'Junk RNA' molecule found to play key role in cellular response to stress
A study from Massachusetts General Hospital (MGH) investigators has found a surprising role for what had been considered a nonfunctional "junk" RNA molecule: controlling the cellular response to stress. In their report in the Dec. 15 issue of Cell, the researchers describe finding that a highly specific interaction between two elements previously known to repress gene transcription—B2 RNA and EZH2, an enzyme previously known only to silence genes—actually induces the expression of stress-response genes in mouse cells.
"EZH2 is part of a structure called the Polycomb Repressive Complex 2, which silences target genes," says Jeannie T. Lee, MD, PhD,of the MGH Department of Molecular Biology, senior author of the report. "But a big paradox in the field has been that EZH2 is found at the sites of both active and inactive genes.
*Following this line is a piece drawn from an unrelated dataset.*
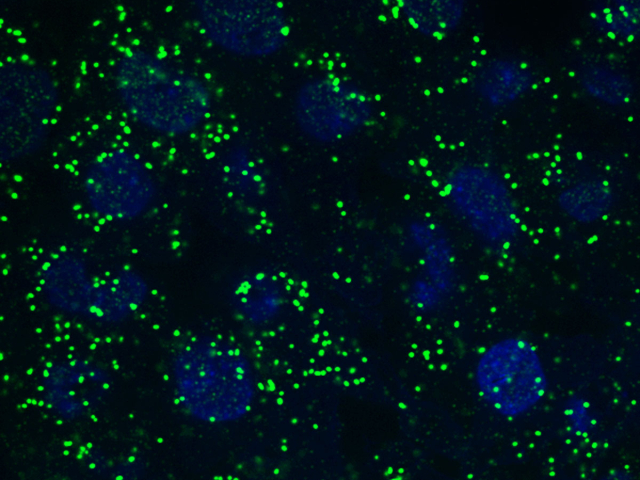 Fluorescence microscopy image of peroxisomes in HCT116s
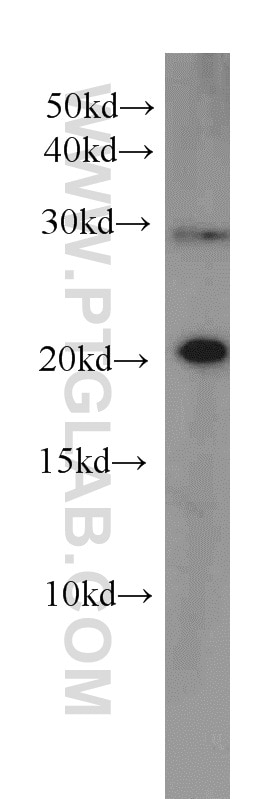 Western Blot (WB) analysis of A549 cells using RBBP9 Monoclonal antibody (66015-1-Ig)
We have shown, for the first time, that EZH2 can act outside of the PRC2 complex to activate genes through another mechanism—in this case by cleaving the B2 RNA molecule, which then activates stress response genes."
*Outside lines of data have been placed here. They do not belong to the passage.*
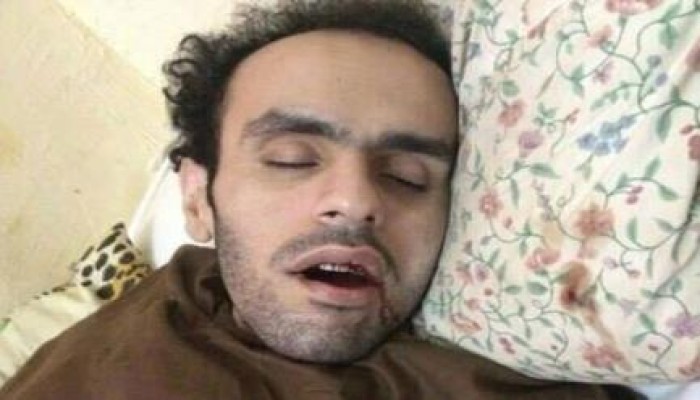إضراب محمد سلطان يدخل يومه الـ411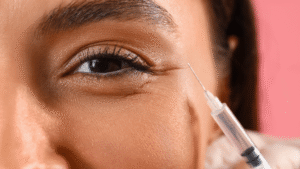 Safe and Effective Under Eye Fillers for a Rejuvenated Look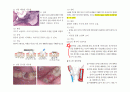 비가역성 치수염 (치수염의 원인, 치수염의 종류, 치수염 예방방법) 2페이지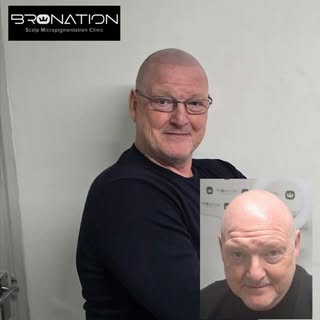 Bronation Scalp Micropigmentation Clinic. 
The ONLY 100% guaranteed solution for hair loss.

Doing w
Less than 2 percent of the genome in mammals actually codes for proteins, and for many years it was thought that noncoding DNA was a useless artifact. While some is translated into RNA molecules required for maintaining and regulating cellular functions—such as transfer RNA and microRNAs - the impression that most noncoding RNA serves no function has persisted. This has been particularly true for long noncoding RNAs and is even more the case for molecules transcribed from "parasitic" retrotransposons—repetitive DNA sequences inserted throughout the genome. But recent studies in mouse cells have indicated that RNA transcribed from the B2 retrotransposon binds to stress genes and suppresses their transcription.
Previous research by members of Lee's team found more than 9,000 nuclear transcripts that bind to EZH2. Data from that study also suggested that EZH2 interacted with some repetitive RNAs—including retrotransposon-transcribed RNAs—but at the time the association was not clear. The current study was designed to investigate whether that association was real and functional. Their cellular experiments confirmed that EZH2 binds to B2 RNA and, when subjected to heat, cuts or cleaves the RNA molecule. That cleavage of B2 RNA—which otherwise binds to and silences genes that protect against cellular damage by heat shock—allowed the transcription of those heat-shock genes.
"Our findings imply that B2 is a key regulator of the stress response and probably has that role in all types of cells," says Lee, who is a professor of Genetics at Harvard Medical School. "We and others have studied B2 cells in mice, but these same types of short interspersed nuclear elements are found in human cells, where they are quite different. While it remains to be seen whether human SINEs have similar properties, I wouldn't be surprised if they do."
Future studies will investigate the specific mechanism by which EZH2 is attracted to stress genes and how it cleaves the B2 RNA molecule. Since the cellular stress response both protects against some important diseases and is sometimes induced therapeutically—for example, to block the proliferation of cancer cells—improving the understanding of the stress response is likely to make important contributions to human health.